Sem direito a argumentação.
– Mas como agora? Justo agora que eu iria começar um projeto novo. Agora que eu iria fazer tudo que ainda não fiz. Agora que tenho tanto a dizer, a reparar, a resgatar. Agora é cedo demais para mim!
Sem segunda chance.
– Sinto muito! Como todos sabem, para mim não existe hora, nem tempo certo ou errado. A mim só resta cumprir o meu papel, quando o tempo tiver esgotado.
Sem perdão.
– Sinto muito! Admito que andei me excedendo, me descuidando, ignorando... Mas isto é hábito de todos os mortais. Achamos que nunca virá, ou, pela lógica cronológica, que só virá nos buscar quando a chamarmos.
Sem explicação.
– Olha, estou levando fulano de tal, mas ele vai morar logo ali no andar de cima.
Sem saber pra onde.
- Mas vocês vão poder continuar se vendo e se falando. Basta trocarem os endereços e ligarem a webcam. Ele vai poder continuar escrevendo para você via e-mail. Também tem o chat que interliga todos os moradores lá de cima com os que continuam morando aqui embaixo. O bate-papo funciona 24 horas. Mas não tenha pressa em mudar pra lá também, pois a decisão não é sua.

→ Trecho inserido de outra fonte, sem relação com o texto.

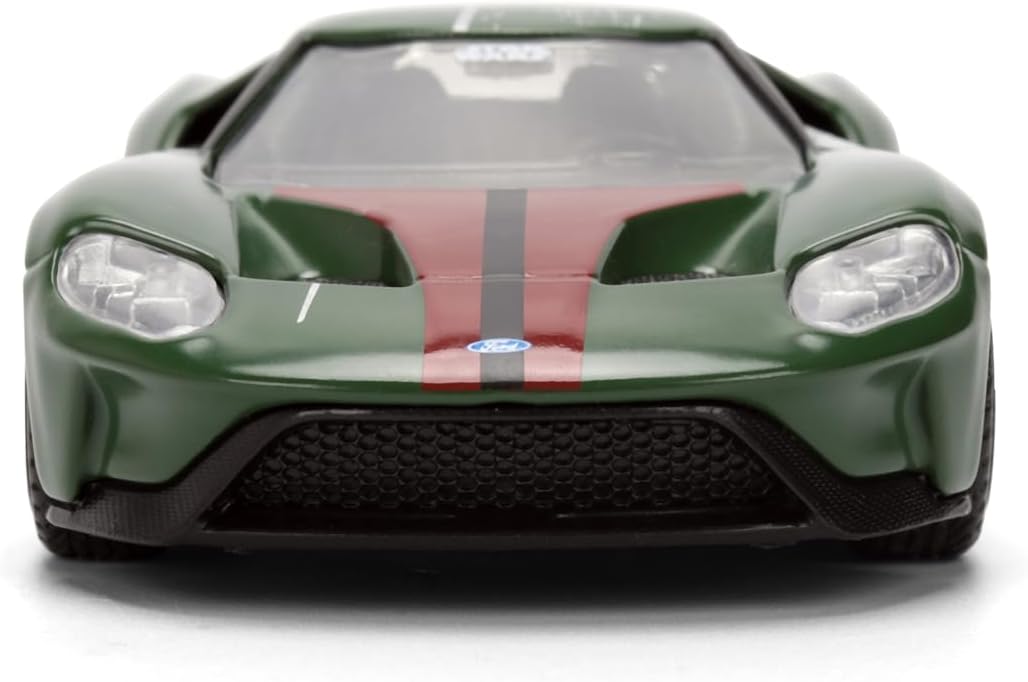 Jada Star Wars Boba Fett 2017 Ford GT – 1:32 Scale Hollywood Rides Die-Cast Collectible Car Toys – Toy for Collectors and Fans
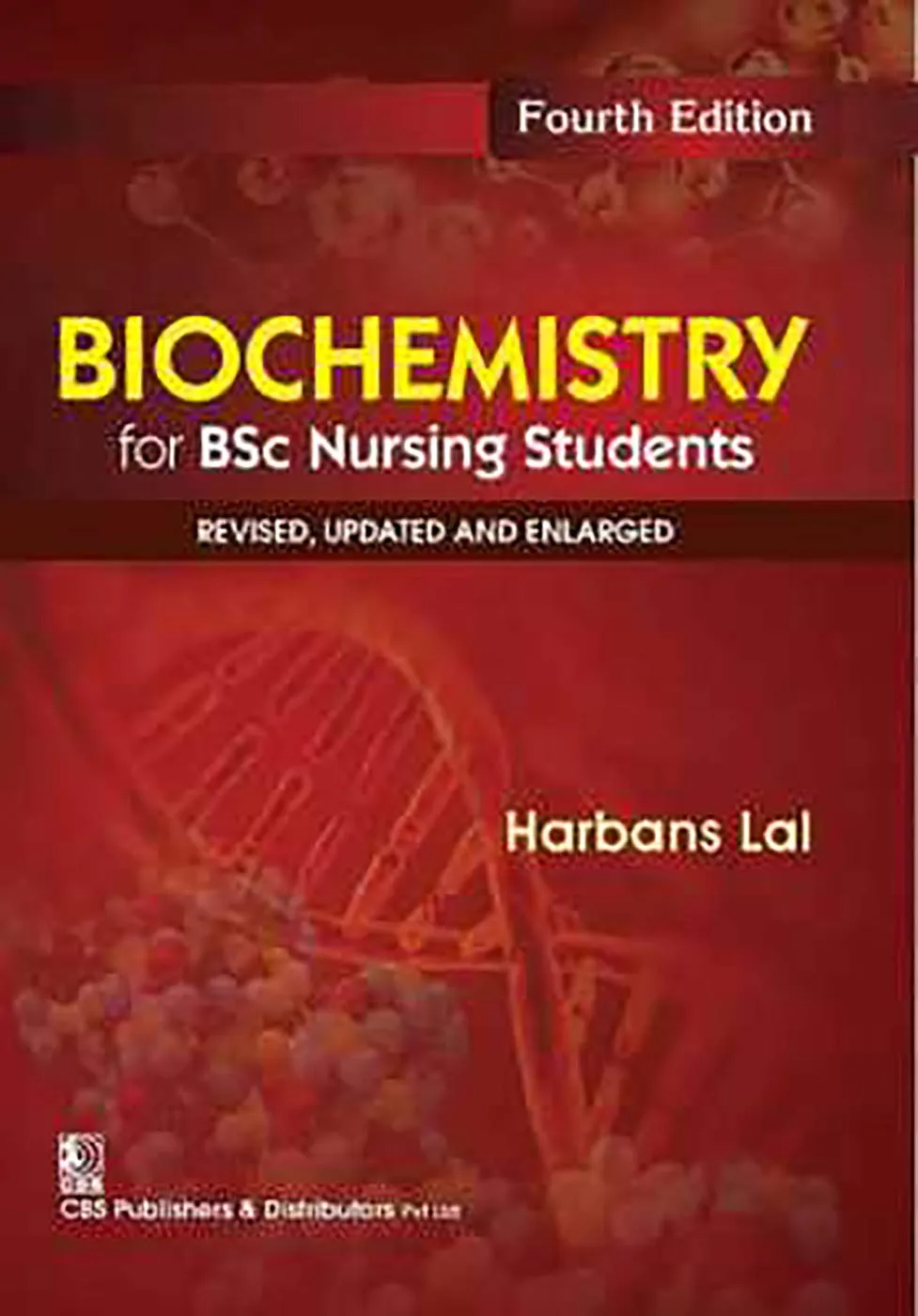 Biochemistry for BSc Nursing Students | 4th Edition | Paperback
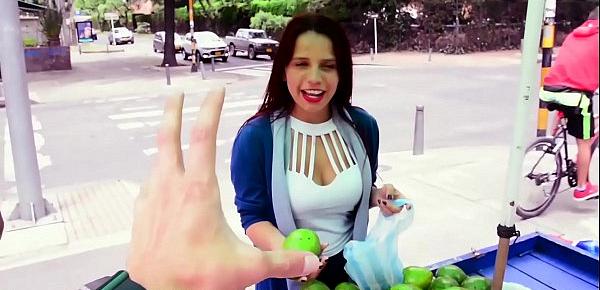  MAMACITAZ - Sara Restrepo - Delicious Latina Teen Amazing Sex On Lunch Break With Pedro Nel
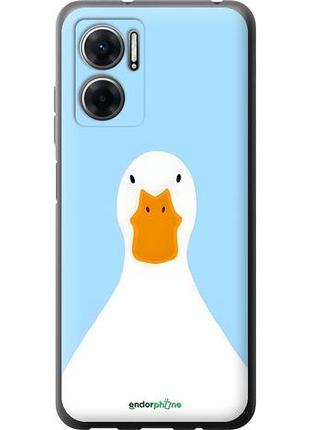 Чохол на xiaomi redmi note 11e гусак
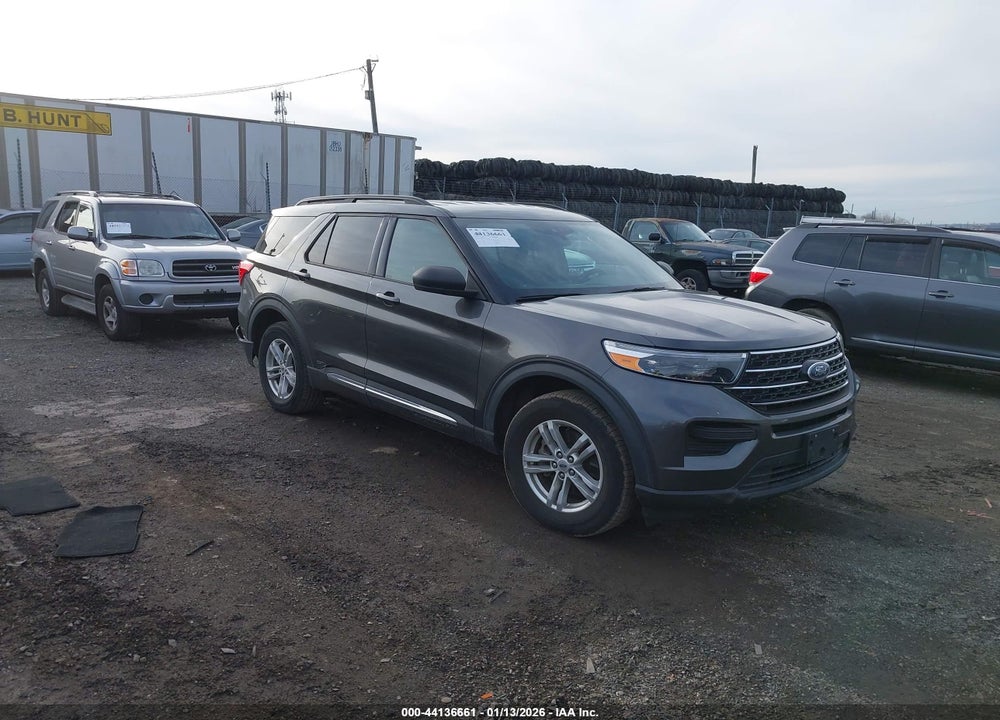 2020 FORD EXPLORER XLT VIN: 1FMSK8DH5LGA88004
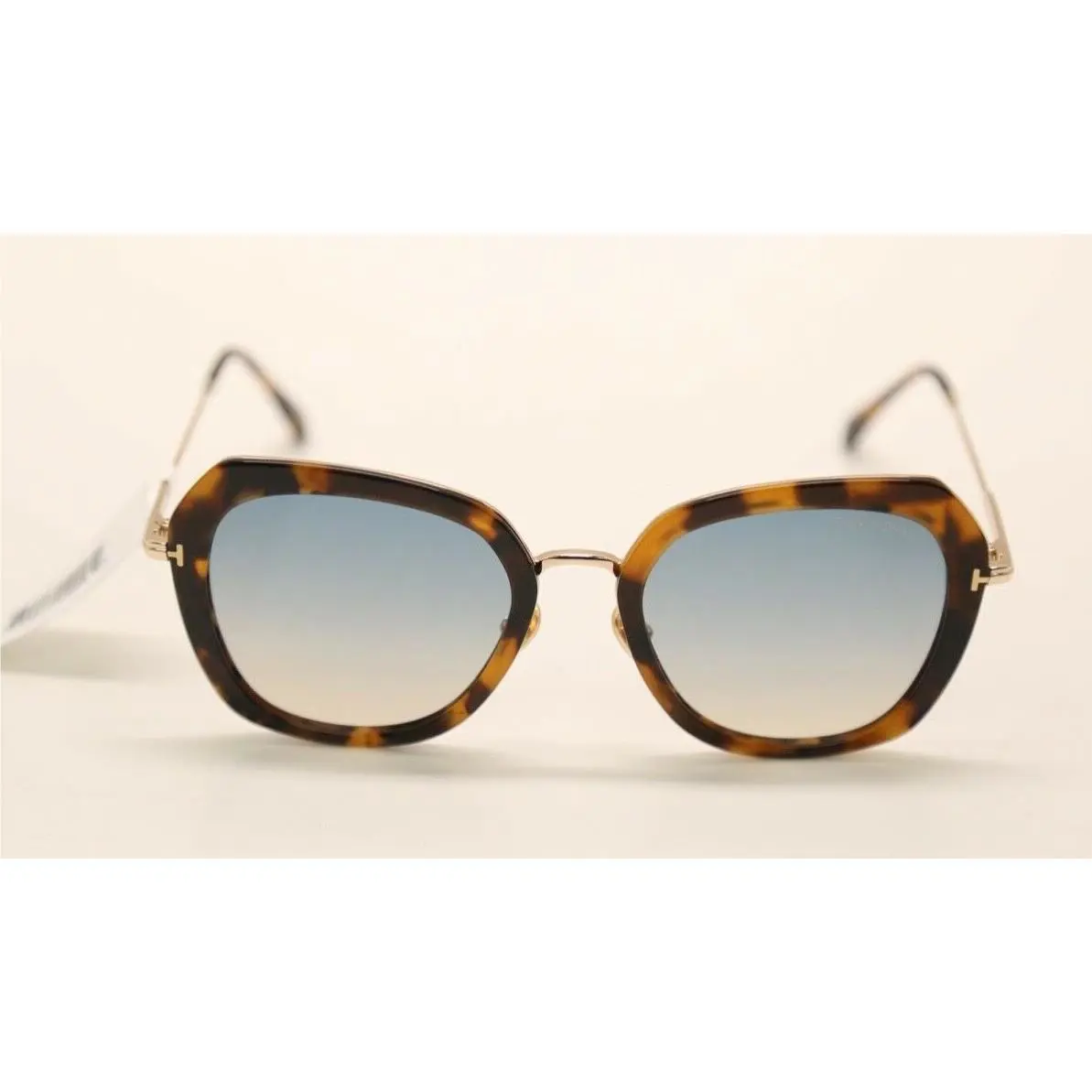 Tom Ford Kenyan FT0792 TF792 55P Havana/green Gradient Sunglasses 1248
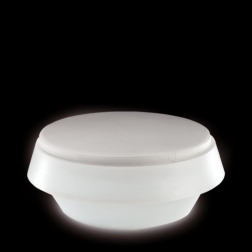 Пуф пластиковый светящийся Gio Puff Lighting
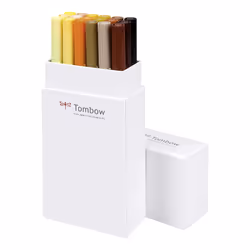 Tombow ABT-18P-3 stylo-feutre Fin 18 pièce(s)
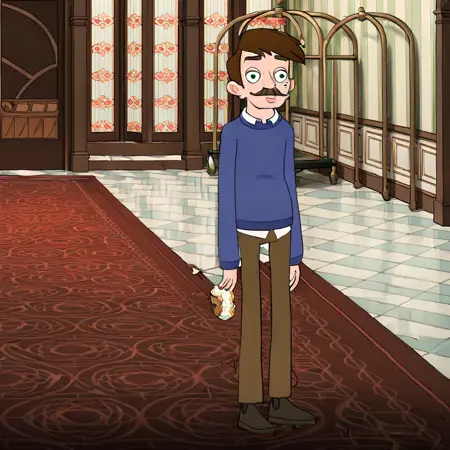 Haunted Hotel - Nathan Freeling - SDXL 1.0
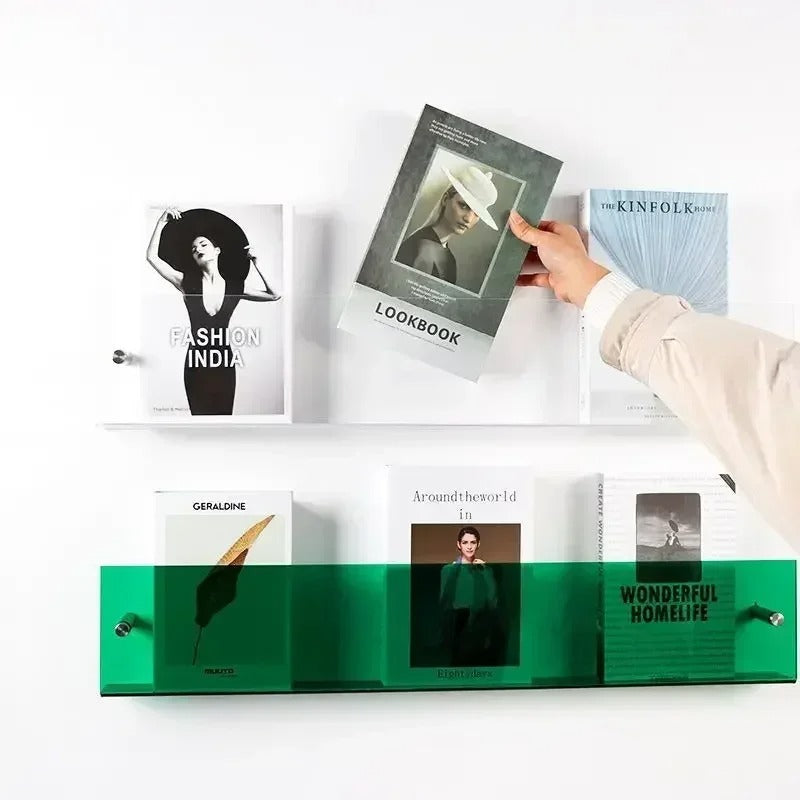 Wall-Mounted Shelves – Stylish Storage and Decoration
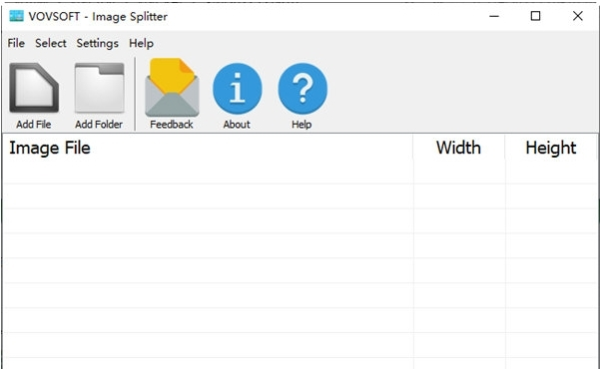 Vovsoft Image Splitter图片1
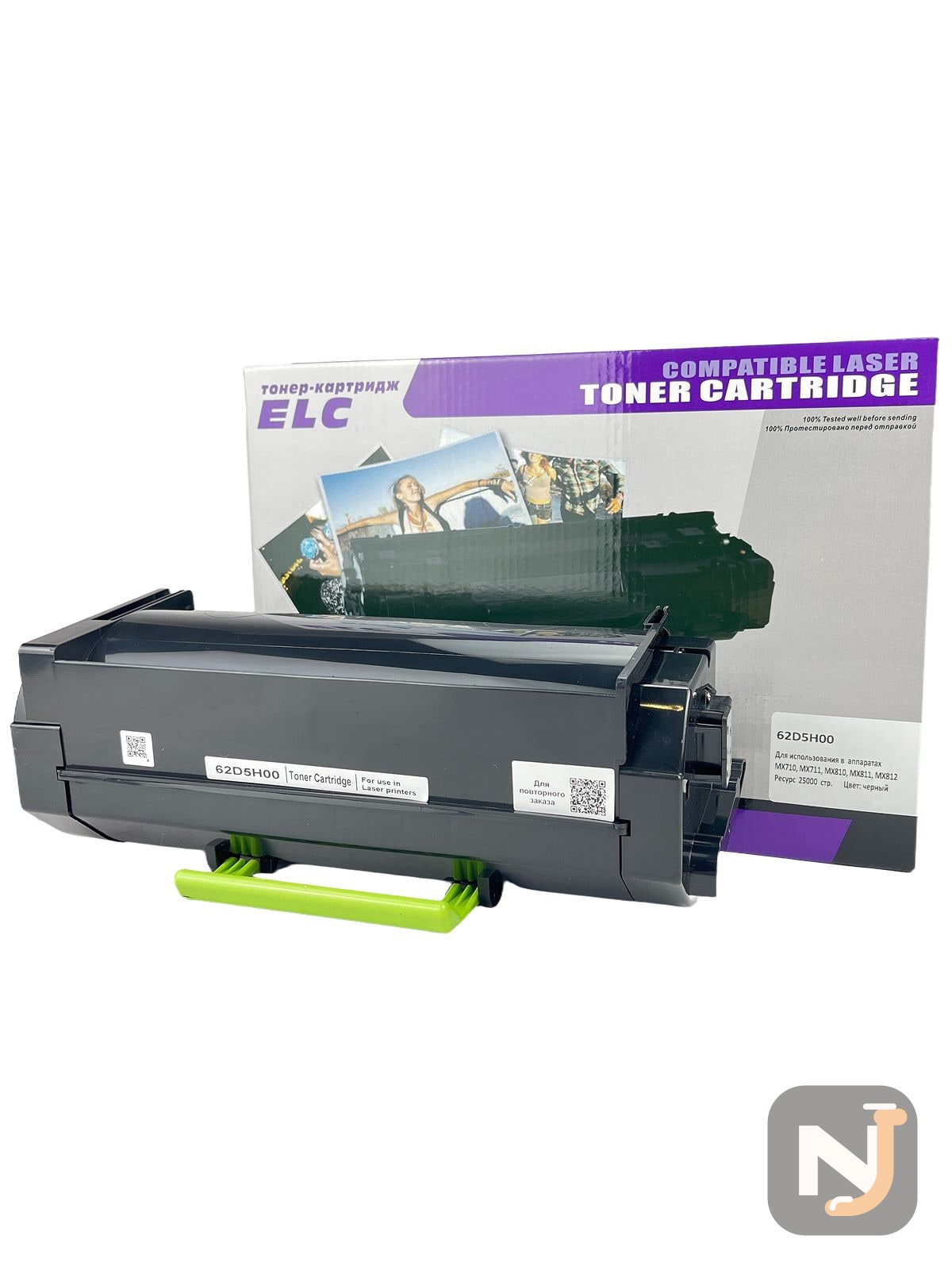 Картридж 62D5H00 для Lexmark MX710/MX711/MX810/MX811/MX812 ELC (25000 стр.), Красноярск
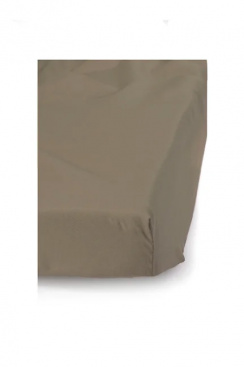 Himla Dreamtime Fitted Sheet Mitoitettu aluslakana Driftwood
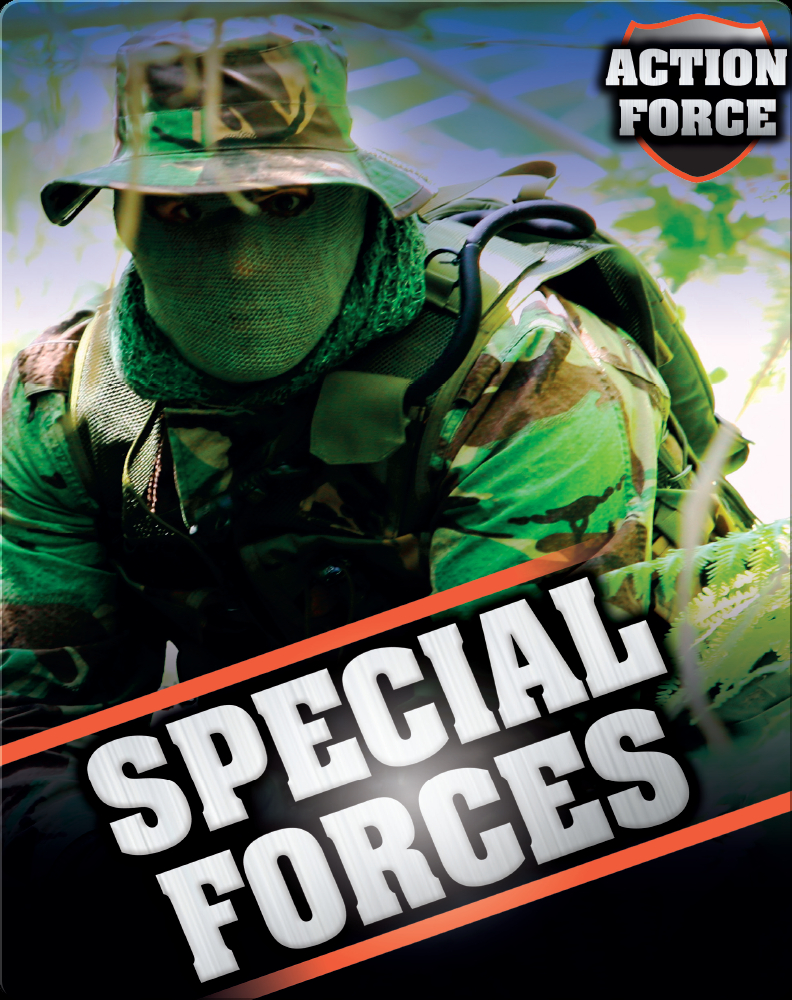 Special Forces Book by Jim Brush Epic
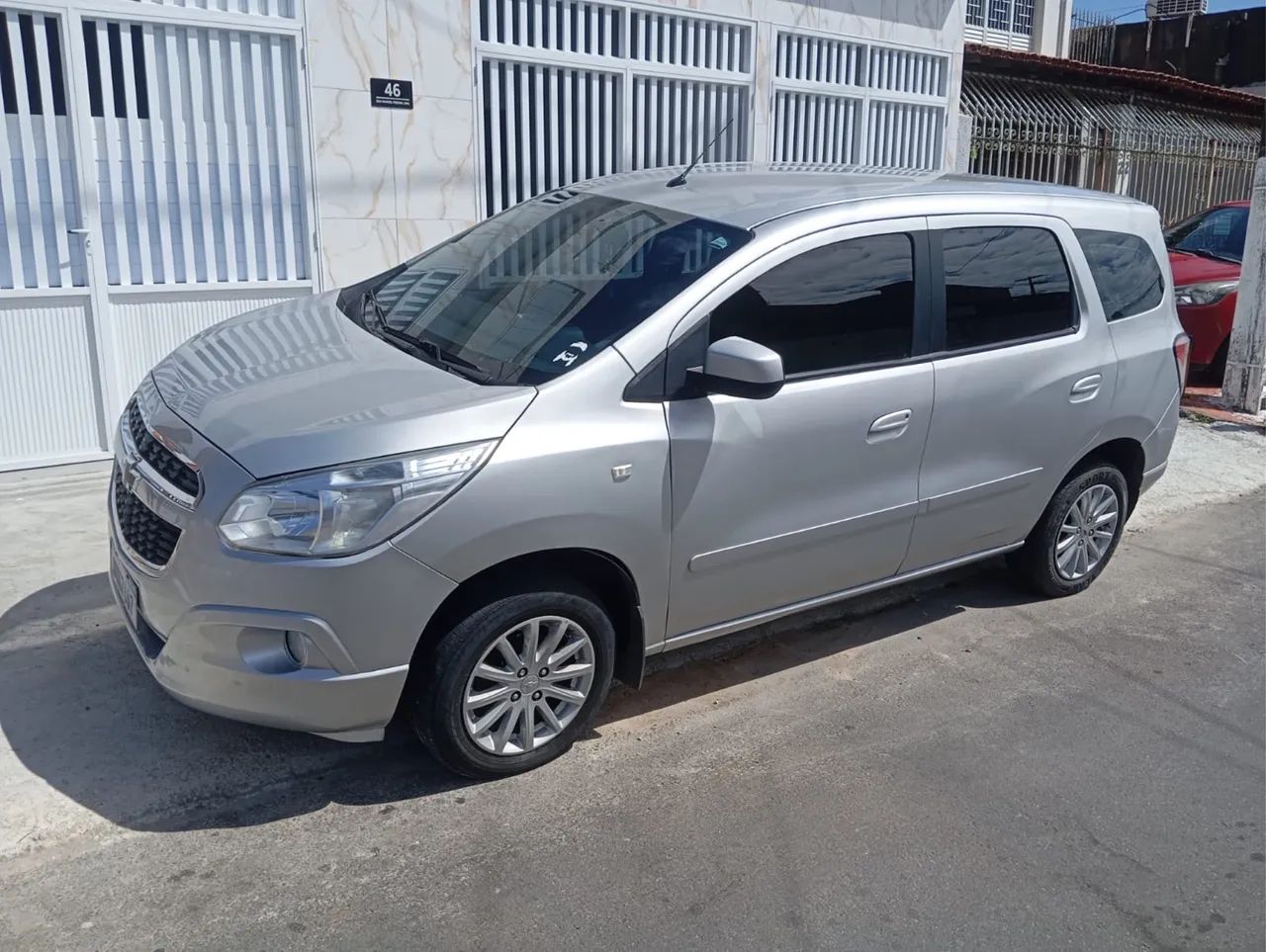 Chevrolet Spin LT 1.8 8V Econo.flex 5P Aut. 2013 - Foto 4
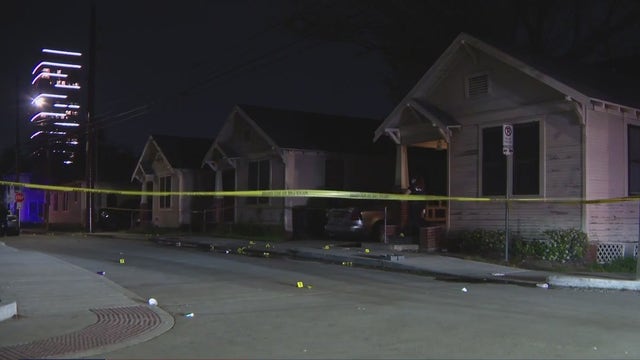 Houston 2-year-old shot twice is recovering, community members frustrated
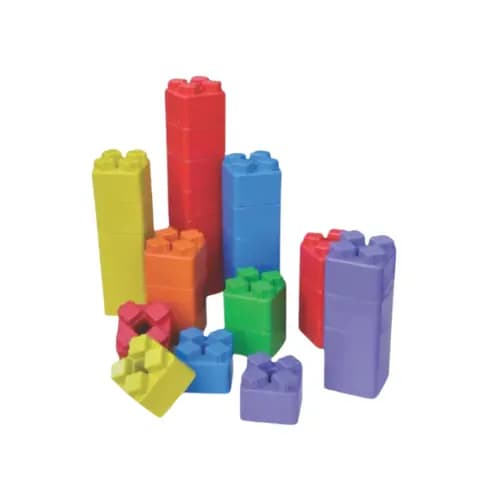 Brinquedo Kit Blocão 88 Peças - BP Brinquedos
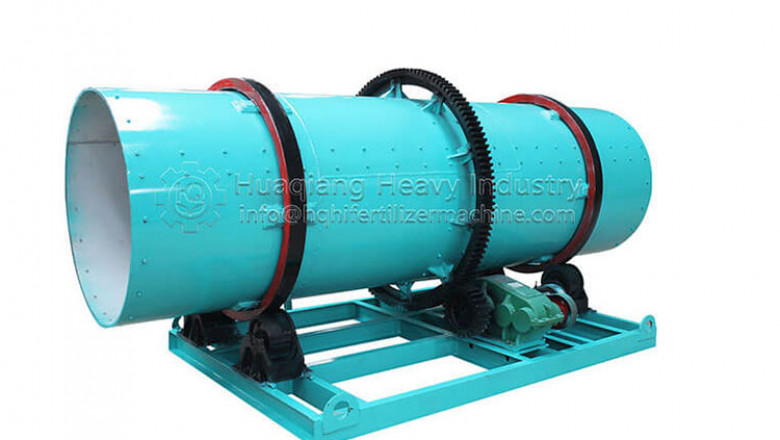 Advantages of compound fertilizer granulation equipment of rotary drum granulator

O carrasco sem rosto e sem voz simplesmente executa a sentença que a todos foi dada, cumprindo a única certeza que temos, desde o momento em que a vida se fez em nós. A qual nós nunca aceitamos e para qual nunca nos preparamos; morrer.
E quando ela sopra com o hálito frio da sua presença nos tímpanos quentes da vida, nos encontra assim: desprevenidos, desarmados, indignados, estraçalhados, desesperados...
Perdidos nesta estranha mania de querer apenas viver.